Required work
Please give back, exactly as written, the lines from the line with "Appartement avec jardin - Bègles - 9" to the line with "Elizabeth – Manhwa chapter 52 - page 41" in the listing below, leaving out all pictures.

Source records

_ _ _ _ _

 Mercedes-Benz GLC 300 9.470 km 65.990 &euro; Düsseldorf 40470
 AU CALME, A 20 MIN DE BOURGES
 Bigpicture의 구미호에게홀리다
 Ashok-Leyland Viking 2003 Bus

_ _ _ _ _

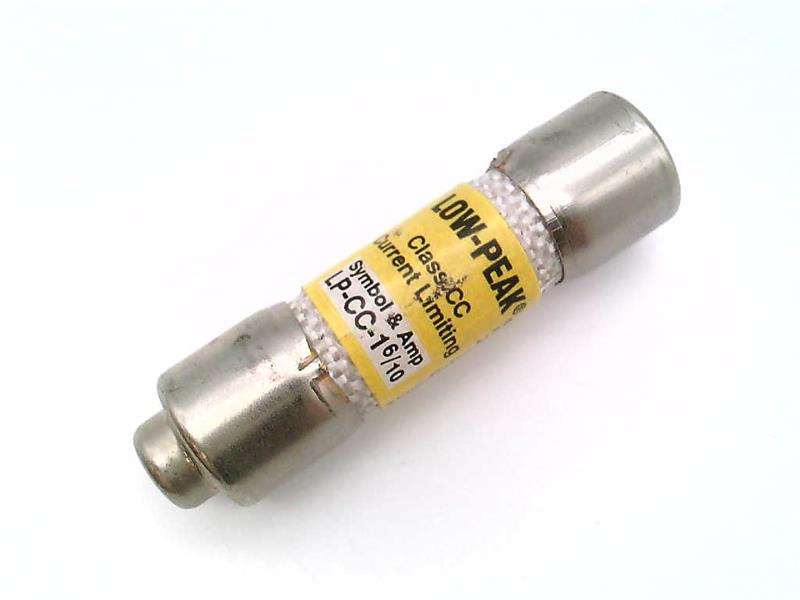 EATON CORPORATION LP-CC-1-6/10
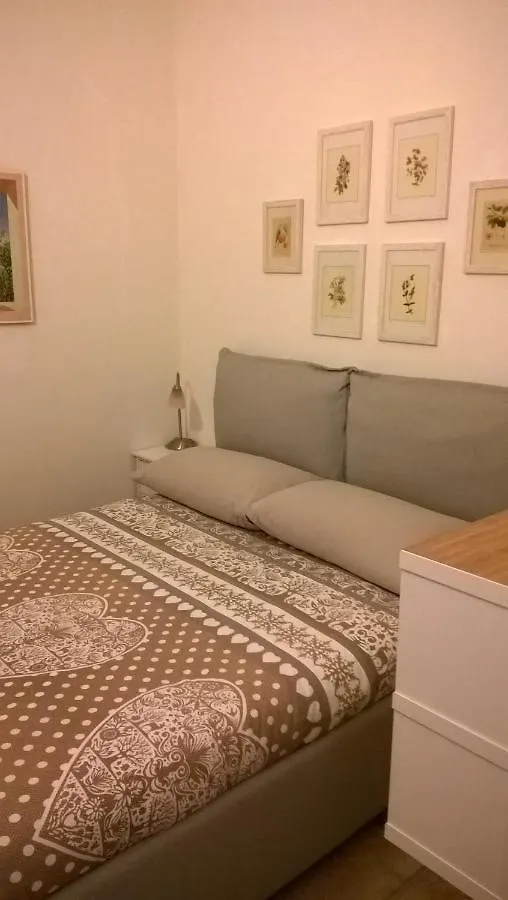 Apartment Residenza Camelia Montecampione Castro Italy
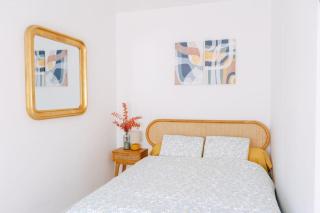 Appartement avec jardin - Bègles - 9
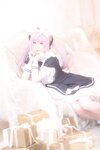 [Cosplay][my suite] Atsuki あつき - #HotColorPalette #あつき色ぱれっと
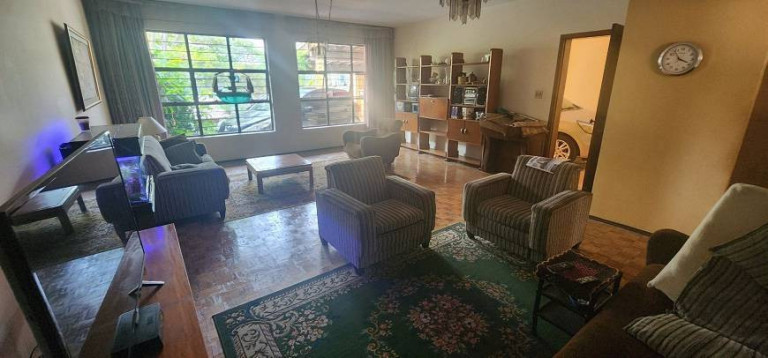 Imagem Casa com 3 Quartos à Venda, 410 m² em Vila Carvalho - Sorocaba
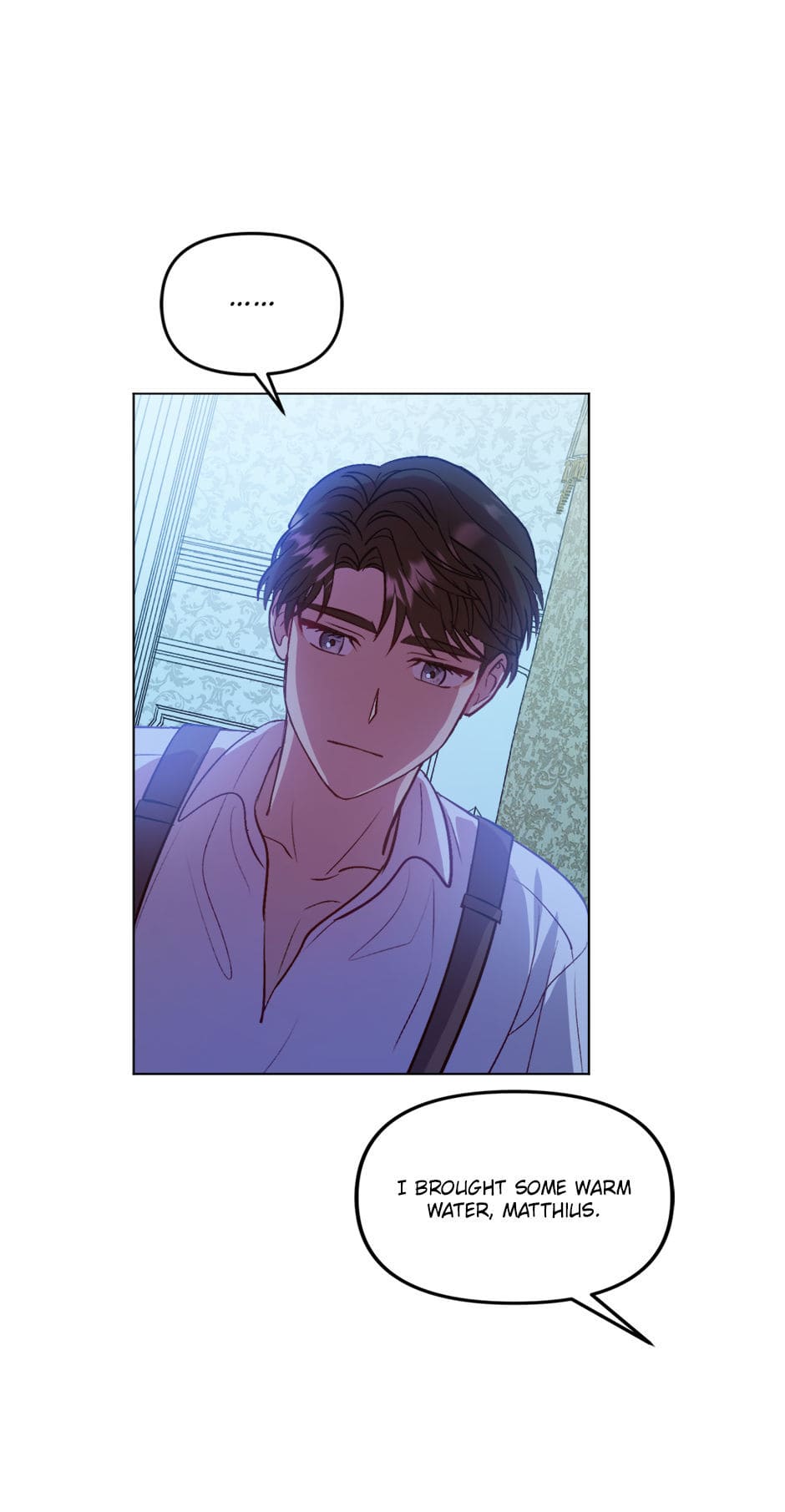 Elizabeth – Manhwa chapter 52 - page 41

_ _ _ _ _

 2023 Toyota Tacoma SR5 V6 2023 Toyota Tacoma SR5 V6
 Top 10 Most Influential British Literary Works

_ _ _ _ _

Answer area
 Appartement avec jardin - Bègles - 9
 [Cosplay][my suite] Atsuki あつき - #HotColorPalette #あつき色ぱれっと
 Imagem Casa com 3 Quartos à Venda, 410 m² em Vila Carvalho - Sorocaba
 Elizabeth – Manhwa chapter 52 - page 41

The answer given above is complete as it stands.